Devant cette éthique procédurale qui définit le bien en fonction de la majorité, la Bible affirme depuis longtemps : « Tu ne suivras pas une majorité qui veut le mal », ce que confirme le pape saint Jean-Paul II : « Une démocratie sans valeurs se transforme facilement en un totalitarisme déclaré ou sournois ».

Dieu a donné des éléments de réponse à valeur universelle : « Honore ton père et ta mère, tu ne tueras pas, tu ne voleras pas, tu ne commettras pas d’adultère, tu ne convoiteras pas le bien de ton prochain ». Ces directives simples rejoignent les éléments de civilisation élémentaires que la raison humaine a pu trouver par elle-même. Ce sont des règles de vie au service du bien de chacun dans la société, mais ce n’est pas encore la plénitude du bien parfait et absolu que Dieu nous appelle à vivre.
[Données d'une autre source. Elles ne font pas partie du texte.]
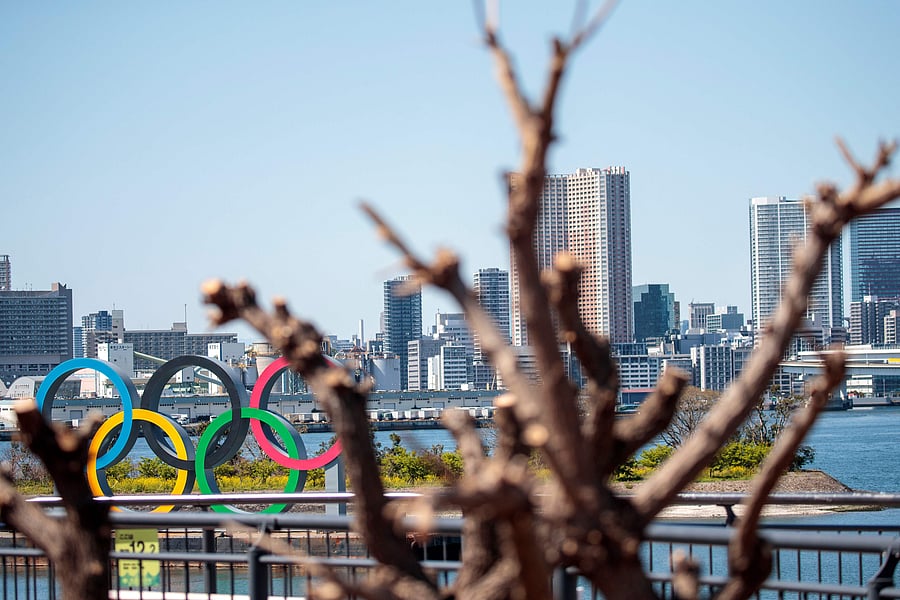 The Olympic rings are seen through the branches of a tree in Tokyo's Odaiba district. (Credit: AFP)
La deuxième question qui se pose est de savoir comment juger le bien et le mal ?
Nous venons de l’entendre dans l’évangile. Le mal commis par les autres nous semble insupportable. Même s’il est aussi léger qu’une paille, nous voudrions l’extirper. Tout simplement, parce que nous le subissons. En revanche, le mal que nous faisons, même s’il a la grosseur d’une poutre, nous semble dérisoire. Nous sommes toujours prêts à l’excuser ou à nous en justifier, car ce n’est pas nous mais ce sont les autres qui en subissent les conséquences.

Il y a bien une objectivité du mal que nous pouvons désigner clairement, comme la suppression d’une vie, la spoliation des biens, le manque d’équité dans la justice, etc.

Il y a aussi une subjectivité du mal comme l’exprime le Seigneur quand il dit que le mal vient de l’homme mauvais et le bien de l’homme bon. Il n’y a pas d’homme bon ou mauvais en soi, il y a simplement le choix libre de poser des actes bons qui finissent par façonner la personnalité en donnant « un cœur bon ». A contrario, le fait de s’enfoncer délibérément dans les actes mauvais construit un cœur qui s’habitue au mal, « un cœur mauvais » comme dit Jésus.

C’est ainsi qu’il faut comprendre ce que dit le sage Ben Sira : « C’est le fruit qui manifeste la qualité de l’arbre » et la parole de Jésus : « Chaque arbre se reconnaît à son fruit ». Et nous, quel fruit donnons-nous ? Ou plutôt, quels fruits voulons-nous donner ?

+Michel Aupetit, archevêque de Paris.